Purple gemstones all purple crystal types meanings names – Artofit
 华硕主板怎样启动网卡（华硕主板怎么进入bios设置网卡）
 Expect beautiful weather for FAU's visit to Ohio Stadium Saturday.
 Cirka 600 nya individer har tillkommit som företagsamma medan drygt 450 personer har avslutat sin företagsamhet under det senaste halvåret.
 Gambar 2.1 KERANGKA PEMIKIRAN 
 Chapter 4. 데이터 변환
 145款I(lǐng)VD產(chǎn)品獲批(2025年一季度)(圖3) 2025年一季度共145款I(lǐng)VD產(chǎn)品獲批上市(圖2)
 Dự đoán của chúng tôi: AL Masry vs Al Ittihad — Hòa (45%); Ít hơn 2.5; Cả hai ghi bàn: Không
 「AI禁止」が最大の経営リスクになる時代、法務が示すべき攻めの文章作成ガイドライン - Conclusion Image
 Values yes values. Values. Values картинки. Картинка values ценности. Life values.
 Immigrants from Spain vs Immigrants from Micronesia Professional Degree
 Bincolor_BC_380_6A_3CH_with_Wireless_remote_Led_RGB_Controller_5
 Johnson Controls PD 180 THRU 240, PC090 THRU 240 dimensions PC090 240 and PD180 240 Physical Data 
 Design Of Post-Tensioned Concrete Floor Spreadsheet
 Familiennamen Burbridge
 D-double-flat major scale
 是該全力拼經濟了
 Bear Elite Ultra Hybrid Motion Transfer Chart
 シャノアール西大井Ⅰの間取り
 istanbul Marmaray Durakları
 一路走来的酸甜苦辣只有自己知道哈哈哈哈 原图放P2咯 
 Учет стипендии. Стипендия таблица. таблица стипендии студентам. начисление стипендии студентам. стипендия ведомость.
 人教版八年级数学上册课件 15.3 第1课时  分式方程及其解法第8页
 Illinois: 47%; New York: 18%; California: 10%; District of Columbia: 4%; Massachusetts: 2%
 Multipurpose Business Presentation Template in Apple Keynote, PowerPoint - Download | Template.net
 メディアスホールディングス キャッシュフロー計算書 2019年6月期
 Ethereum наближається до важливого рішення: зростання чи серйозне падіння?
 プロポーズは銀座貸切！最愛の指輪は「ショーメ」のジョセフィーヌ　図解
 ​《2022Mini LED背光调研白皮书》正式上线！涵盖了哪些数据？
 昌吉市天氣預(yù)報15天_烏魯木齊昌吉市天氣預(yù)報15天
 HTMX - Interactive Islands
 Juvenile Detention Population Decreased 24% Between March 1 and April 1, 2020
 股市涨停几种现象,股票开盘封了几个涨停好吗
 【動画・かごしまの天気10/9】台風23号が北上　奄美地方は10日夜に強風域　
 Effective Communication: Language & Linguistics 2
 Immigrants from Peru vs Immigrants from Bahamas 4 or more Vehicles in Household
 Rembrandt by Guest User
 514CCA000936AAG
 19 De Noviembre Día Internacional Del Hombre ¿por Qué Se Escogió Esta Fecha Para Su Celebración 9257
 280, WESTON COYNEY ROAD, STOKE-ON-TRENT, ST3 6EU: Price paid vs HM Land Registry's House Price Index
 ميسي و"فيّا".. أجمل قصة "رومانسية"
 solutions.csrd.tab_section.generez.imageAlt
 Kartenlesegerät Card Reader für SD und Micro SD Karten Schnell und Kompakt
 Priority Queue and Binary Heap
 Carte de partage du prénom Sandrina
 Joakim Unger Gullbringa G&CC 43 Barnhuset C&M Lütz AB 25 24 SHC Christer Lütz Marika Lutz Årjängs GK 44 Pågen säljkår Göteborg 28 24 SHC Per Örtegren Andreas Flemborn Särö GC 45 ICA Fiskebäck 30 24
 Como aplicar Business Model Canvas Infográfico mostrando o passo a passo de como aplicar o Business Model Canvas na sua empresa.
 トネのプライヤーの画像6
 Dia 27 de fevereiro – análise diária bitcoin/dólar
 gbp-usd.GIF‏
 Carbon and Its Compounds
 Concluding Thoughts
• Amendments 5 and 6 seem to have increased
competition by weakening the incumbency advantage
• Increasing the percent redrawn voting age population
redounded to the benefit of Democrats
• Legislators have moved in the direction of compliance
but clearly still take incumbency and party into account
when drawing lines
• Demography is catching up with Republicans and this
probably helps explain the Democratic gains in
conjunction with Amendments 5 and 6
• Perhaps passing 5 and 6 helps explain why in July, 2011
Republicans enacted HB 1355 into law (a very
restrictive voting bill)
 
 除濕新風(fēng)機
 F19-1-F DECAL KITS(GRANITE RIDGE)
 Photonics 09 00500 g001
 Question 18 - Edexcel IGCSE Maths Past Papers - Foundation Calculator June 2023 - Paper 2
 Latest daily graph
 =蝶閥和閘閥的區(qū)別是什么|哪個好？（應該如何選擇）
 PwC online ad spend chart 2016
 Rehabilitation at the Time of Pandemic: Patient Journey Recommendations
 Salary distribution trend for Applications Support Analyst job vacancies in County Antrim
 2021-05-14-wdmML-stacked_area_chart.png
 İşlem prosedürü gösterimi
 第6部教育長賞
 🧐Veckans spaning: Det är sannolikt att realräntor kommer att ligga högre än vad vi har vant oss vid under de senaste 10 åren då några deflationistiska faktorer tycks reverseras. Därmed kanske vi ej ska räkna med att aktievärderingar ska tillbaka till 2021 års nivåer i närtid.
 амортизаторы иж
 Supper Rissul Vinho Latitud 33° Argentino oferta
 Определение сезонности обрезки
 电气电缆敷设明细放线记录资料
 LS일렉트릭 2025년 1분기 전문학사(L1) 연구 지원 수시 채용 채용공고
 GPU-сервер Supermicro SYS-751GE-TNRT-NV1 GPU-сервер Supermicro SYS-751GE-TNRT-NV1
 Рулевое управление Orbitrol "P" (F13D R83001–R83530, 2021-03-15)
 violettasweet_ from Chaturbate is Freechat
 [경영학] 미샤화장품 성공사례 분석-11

> _EXERCISE_
Could you reproduce the data above exactly as given?

> _ANSWER TO THE EXERCISE_
Purple gemstones all purple crystal types meanings names – Artofit
 华硕主板怎样启动网卡（华硕主板怎么进入bios设置网卡）
 Expect beautiful weather for FAU's visit to Ohio Stadium Saturday.
 Cirka 600 nya individer har tillkommit som företagsamma medan drygt 450 personer har avslutat sin företagsamhet under det senaste halvåret.
 Gambar 2.1 KERANGKA PEMIKIRAN 
 Chapter 4. 데이터 변환
 145款I(lǐng)VD產(chǎn)品獲批(2025年一季度)(圖3) 2025年一季度共145款I(lǐng)VD產(chǎn)品獲批上市(圖2)
 Dự đoán của chúng tôi: AL Masry vs Al Ittihad — Hòa (45%); Ít hơn 2.5; Cả hai ghi bàn: Không
 「AI禁止」が最大の経営リスクになる時代、法務が示すべき攻めの文章作成ガイドライン - Conclusion Image
 Values yes values. Values. Values картинки. Картинка values ценности. Life values.
 Immigrants from Spain vs Immigrants from Micronesia Professional Degree
 Bincolor_BC_380_6A_3CH_with_Wireless_remote_Led_RGB_Controller_5
 Johnson Controls PD 180 THRU 240, PC090 THRU 240 dimensions PC090 240 and PD180 240 Physical Data 
 Design Of Post-Tensioned Concrete Floor Spreadsheet
 Familiennamen Burbridge
 D-double-flat major scale
 是該全力拼經濟了
 Bear Elite Ultra Hybrid Motion Transfer Chart
 シャノアール西大井Ⅰの間取り
 istanbul Marmaray Durakları
 一路走来的酸甜苦辣只有自己知道哈哈哈哈 原图放P2咯 
 Учет стипендии. Стипендия таблица. таблица стипендии студентам. начисление стипендии студентам. стипендия ведомость.
 人教版八年级数学上册课件 15.3 第1课时  分式方程及其解法第8页
 Illinois: 47%; New York: 18%; California: 10%; District of Columbia: 4%; Massachusetts: 2%
 Multipurpose Business Presentation Template in Apple Keynote, PowerPoint - Download | Template.net
 メディアスホールディングス キャッシュフロー計算書 2019年6月期
 Ethereum наближається до важливого рішення: зростання чи серйозне падіння?
 プロポーズは銀座貸切！最愛の指輪は「ショーメ」のジョセフィーヌ　図解
 ​《2022Mini LED背光调研白皮书》正式上线！涵盖了哪些数据？
 昌吉市天氣預(yù)報15天_烏魯木齊昌吉市天氣預(yù)報15天
 HTMX - Interactive Islands
 Juvenile Detention Population Decreased 24% Between March 1 and April 1, 2020
 股市涨停几种现象,股票开盘封了几个涨停好吗
 【動画・かごしまの天気10/9】台風23号が北上　奄美地方は10日夜に強風域　
 Effective Communication: Language & Linguistics 2
 Immigrants from Peru vs Immigrants from Bahamas 4 or more Vehicles in Household
 Rembrandt by Guest User
 514CCA000936AAG
 19 De Noviembre Día Internacional Del Hombre ¿por Qué Se Escogió Esta Fecha Para Su Celebración 9257
 280, WESTON COYNEY ROAD, STOKE-ON-TRENT, ST3 6EU: Price paid vs HM Land Registry's House Price Index
 ميسي و"فيّا".. أجمل قصة "رومانسية"
 solutions.csrd.tab_section.generez.imageAlt
 Kartenlesegerät Card Reader für SD und Micro SD Karten Schnell und Kompakt
 Priority Queue and Binary Heap
 Carte de partage du prénom Sandrina
 Joakim Unger Gullbringa G&CC 43 Barnhuset C&M Lütz AB 25 24 SHC Christer Lütz Marika Lutz Årjängs GK 44 Pågen säljkår Göteborg 28 24 SHC Per Örtegren Andreas Flemborn Särö GC 45 ICA Fiskebäck 30 24
 Como aplicar Business Model Canvas Infográfico mostrando o passo a passo de como aplicar o Business Model Canvas na sua empresa.
 トネのプライヤーの画像6
 Dia 27 de fevereiro – análise diária bitcoin/dólar
 gbp-usd.GIF‏
 Carbon and Its Compounds
 Concluding Thoughts
• Amendments 5 and 6 seem to have increased
competition by weakening the incumbency advantage
• Increasing the percent redrawn voting age population
redounded to the benefit of Democrats
• Legislators have moved in the direction of compliance
but clearly still take incumbency and party into account
when drawing lines
• Demography is catching up with Republicans and this
probably helps explain the Democratic gains in
conjunction with Amendments 5 and 6
• Perhaps passing 5 and 6 helps explain why in July, 2011
Republicans enacted HB 1355 into law (a very
restrictive voting bill)
 
 除濕新風(fēng)機
 F19-1-F DECAL KITS(GRANITE RIDGE)
 Photonics 09 00500 g001
 Question 18 - Edexcel IGCSE Maths Past Papers - Foundation Calculator June 2023 - Paper 2
 Latest daily graph
 =蝶閥和閘閥的區(qū)別是什么|哪個好？（應該如何選擇）
 PwC online ad spend chart 2016
 Rehabilitation at the Time of Pandemic: Patient Journey Recommendations
 Salary distribution trend for Applications Support Analyst job vacancies in County Antrim
 2021-05-14-wdmML-stacked_area_chart.png
 İşlem prosedürü gösterimi
 第6部教育長賞
 🧐Veckans spaning: Det är sannolikt att realräntor kommer att ligga högre än vad vi har vant oss vid under de senaste 10 åren då några deflationistiska faktorer tycks reverseras. Därmed kanske vi ej ska räkna med att aktievärderingar ska tillbaka till 2021 års nivåer i närtid.
 амортизаторы иж
 Supper Rissul Vinho Latitud 33° Argentino oferta
 Определение сезонности обрезки
 电气电缆敷设明细放线记录资料
 LS일렉트릭 2025년 1분기 전문학사(L1) 연구 지원 수시 채용 채용공고
 GPU-сервер Supermicro SYS-751GE-TNRT-NV1 GPU-сервер Supermicro SYS-751GE-TNRT-NV1
 Рулевое управление Orbitrol "P" (F13D R83001–R83530, 2021-03-15)
 violettasweet_ from Chaturbate is Freechat
 [경영학] 미샤화장품 성공사례 분석-11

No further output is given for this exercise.